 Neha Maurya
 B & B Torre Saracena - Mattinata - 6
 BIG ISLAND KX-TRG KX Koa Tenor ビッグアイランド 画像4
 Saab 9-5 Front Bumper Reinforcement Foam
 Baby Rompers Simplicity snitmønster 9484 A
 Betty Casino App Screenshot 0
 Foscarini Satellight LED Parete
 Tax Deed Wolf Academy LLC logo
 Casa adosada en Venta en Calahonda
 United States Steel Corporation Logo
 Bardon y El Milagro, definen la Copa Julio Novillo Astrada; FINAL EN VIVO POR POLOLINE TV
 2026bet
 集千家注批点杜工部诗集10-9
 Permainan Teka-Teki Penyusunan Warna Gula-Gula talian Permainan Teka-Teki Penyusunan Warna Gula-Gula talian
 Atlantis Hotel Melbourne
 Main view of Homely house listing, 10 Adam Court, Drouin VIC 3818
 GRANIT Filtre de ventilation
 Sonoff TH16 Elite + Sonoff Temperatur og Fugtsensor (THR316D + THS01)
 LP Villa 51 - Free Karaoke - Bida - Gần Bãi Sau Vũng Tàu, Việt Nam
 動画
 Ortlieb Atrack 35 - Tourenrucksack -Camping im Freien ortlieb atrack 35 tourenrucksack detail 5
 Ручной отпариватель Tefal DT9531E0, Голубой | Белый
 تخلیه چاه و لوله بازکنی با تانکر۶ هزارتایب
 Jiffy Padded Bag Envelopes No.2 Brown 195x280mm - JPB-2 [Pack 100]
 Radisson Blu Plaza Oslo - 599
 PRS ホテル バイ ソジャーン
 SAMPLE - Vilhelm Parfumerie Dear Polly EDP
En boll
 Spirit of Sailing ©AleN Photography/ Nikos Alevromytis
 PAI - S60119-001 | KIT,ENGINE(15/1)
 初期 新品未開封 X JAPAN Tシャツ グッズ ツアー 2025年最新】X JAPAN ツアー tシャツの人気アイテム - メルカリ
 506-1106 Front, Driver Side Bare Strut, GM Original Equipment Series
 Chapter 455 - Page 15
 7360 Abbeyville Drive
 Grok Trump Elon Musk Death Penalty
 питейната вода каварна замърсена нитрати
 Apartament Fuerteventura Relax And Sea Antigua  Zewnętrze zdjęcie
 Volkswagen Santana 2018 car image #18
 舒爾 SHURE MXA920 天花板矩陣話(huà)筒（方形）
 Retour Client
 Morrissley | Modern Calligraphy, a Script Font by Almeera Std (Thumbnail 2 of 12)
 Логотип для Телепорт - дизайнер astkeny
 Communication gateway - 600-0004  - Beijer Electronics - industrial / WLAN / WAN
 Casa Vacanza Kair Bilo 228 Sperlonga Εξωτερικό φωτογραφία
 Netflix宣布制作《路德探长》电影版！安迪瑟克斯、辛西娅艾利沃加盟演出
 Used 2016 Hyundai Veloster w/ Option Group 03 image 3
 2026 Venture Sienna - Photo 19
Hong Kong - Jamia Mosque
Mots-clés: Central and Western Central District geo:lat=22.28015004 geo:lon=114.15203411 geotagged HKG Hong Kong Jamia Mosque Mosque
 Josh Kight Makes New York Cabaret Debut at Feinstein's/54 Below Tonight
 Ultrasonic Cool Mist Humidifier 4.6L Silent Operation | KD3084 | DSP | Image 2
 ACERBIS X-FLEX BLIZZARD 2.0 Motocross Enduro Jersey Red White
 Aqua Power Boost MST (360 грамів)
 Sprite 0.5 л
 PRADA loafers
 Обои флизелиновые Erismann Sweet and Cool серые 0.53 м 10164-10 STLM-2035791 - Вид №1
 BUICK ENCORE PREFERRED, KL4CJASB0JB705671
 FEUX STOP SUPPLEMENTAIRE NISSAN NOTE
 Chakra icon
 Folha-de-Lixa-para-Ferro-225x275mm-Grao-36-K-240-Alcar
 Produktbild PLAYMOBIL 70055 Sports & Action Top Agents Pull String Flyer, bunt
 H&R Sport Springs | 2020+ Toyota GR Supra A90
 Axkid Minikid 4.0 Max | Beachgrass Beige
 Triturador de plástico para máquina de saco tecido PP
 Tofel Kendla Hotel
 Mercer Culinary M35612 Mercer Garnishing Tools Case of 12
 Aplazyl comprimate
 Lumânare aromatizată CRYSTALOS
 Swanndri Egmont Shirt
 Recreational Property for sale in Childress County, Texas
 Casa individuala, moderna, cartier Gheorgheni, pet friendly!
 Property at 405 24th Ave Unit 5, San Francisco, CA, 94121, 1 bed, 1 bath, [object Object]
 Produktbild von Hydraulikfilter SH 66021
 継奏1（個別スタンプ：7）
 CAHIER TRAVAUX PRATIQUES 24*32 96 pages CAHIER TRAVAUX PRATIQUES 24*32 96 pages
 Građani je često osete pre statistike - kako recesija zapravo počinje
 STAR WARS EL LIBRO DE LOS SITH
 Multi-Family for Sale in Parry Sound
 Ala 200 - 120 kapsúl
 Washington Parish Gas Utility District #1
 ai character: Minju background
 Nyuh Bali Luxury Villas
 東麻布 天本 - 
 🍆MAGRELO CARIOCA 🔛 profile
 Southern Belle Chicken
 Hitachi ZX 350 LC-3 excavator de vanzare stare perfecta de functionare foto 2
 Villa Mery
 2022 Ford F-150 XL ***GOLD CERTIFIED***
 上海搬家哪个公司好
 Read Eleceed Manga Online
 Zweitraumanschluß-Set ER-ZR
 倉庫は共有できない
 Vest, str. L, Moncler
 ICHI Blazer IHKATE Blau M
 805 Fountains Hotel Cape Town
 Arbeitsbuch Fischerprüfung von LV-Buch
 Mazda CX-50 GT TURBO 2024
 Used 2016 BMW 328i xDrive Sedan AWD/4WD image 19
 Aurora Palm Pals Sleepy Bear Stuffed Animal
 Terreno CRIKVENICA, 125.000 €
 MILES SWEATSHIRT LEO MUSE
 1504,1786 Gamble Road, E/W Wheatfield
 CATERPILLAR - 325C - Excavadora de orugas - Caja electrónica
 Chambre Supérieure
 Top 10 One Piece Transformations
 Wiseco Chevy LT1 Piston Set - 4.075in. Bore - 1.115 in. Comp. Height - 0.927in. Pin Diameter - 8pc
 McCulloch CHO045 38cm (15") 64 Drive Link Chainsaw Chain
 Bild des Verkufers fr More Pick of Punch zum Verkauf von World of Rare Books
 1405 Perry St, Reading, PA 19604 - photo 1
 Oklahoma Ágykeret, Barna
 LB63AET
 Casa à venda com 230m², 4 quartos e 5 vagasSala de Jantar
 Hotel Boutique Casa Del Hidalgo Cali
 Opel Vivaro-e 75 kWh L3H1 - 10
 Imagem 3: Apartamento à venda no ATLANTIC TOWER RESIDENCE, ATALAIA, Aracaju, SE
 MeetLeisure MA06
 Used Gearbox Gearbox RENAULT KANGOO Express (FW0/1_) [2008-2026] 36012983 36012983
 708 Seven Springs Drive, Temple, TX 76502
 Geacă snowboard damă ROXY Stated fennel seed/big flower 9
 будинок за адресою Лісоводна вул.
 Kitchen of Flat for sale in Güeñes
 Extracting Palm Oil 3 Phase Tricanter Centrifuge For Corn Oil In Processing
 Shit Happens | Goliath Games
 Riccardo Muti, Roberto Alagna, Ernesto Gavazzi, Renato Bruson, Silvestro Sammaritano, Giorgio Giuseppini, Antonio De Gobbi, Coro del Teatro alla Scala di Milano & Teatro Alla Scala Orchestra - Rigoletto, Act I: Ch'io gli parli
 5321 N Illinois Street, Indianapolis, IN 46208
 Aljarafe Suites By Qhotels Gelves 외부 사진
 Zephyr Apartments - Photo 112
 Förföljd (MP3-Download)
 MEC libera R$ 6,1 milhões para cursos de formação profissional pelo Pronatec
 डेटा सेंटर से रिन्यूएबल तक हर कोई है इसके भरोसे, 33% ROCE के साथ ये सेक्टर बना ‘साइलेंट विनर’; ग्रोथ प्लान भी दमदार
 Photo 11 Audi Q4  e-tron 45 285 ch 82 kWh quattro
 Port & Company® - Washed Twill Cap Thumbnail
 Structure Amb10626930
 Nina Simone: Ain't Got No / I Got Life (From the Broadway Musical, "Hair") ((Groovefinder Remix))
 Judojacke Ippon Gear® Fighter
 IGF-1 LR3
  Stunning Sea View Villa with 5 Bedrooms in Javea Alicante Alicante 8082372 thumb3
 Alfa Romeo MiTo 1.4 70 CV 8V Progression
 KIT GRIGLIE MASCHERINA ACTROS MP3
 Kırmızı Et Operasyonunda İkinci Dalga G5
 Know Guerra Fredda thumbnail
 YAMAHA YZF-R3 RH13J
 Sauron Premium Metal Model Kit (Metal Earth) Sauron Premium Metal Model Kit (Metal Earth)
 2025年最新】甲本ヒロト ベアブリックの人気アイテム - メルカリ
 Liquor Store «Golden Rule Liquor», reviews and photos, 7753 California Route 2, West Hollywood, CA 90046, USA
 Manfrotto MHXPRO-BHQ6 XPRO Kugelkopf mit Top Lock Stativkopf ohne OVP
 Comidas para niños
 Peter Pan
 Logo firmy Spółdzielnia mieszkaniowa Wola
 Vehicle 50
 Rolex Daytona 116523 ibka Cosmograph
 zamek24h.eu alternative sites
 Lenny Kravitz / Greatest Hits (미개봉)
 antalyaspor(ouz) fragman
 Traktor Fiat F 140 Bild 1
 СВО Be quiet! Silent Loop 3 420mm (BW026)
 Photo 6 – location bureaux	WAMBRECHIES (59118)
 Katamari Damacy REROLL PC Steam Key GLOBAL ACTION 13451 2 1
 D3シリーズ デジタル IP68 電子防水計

--

§ Try it
Copy all lines of the records that have the string "Used" in them.

§ Finished exercise
 Used 2016 Hyundai Veloster w/ Option Group 03 image 3
 Used 2016 BMW 328i xDrive Sedan AWD/4WD image 19
 Used Gearbox Gearbox RENAULT KANGOO Express (FW0/1_) [2008-2026] 36012983 36012983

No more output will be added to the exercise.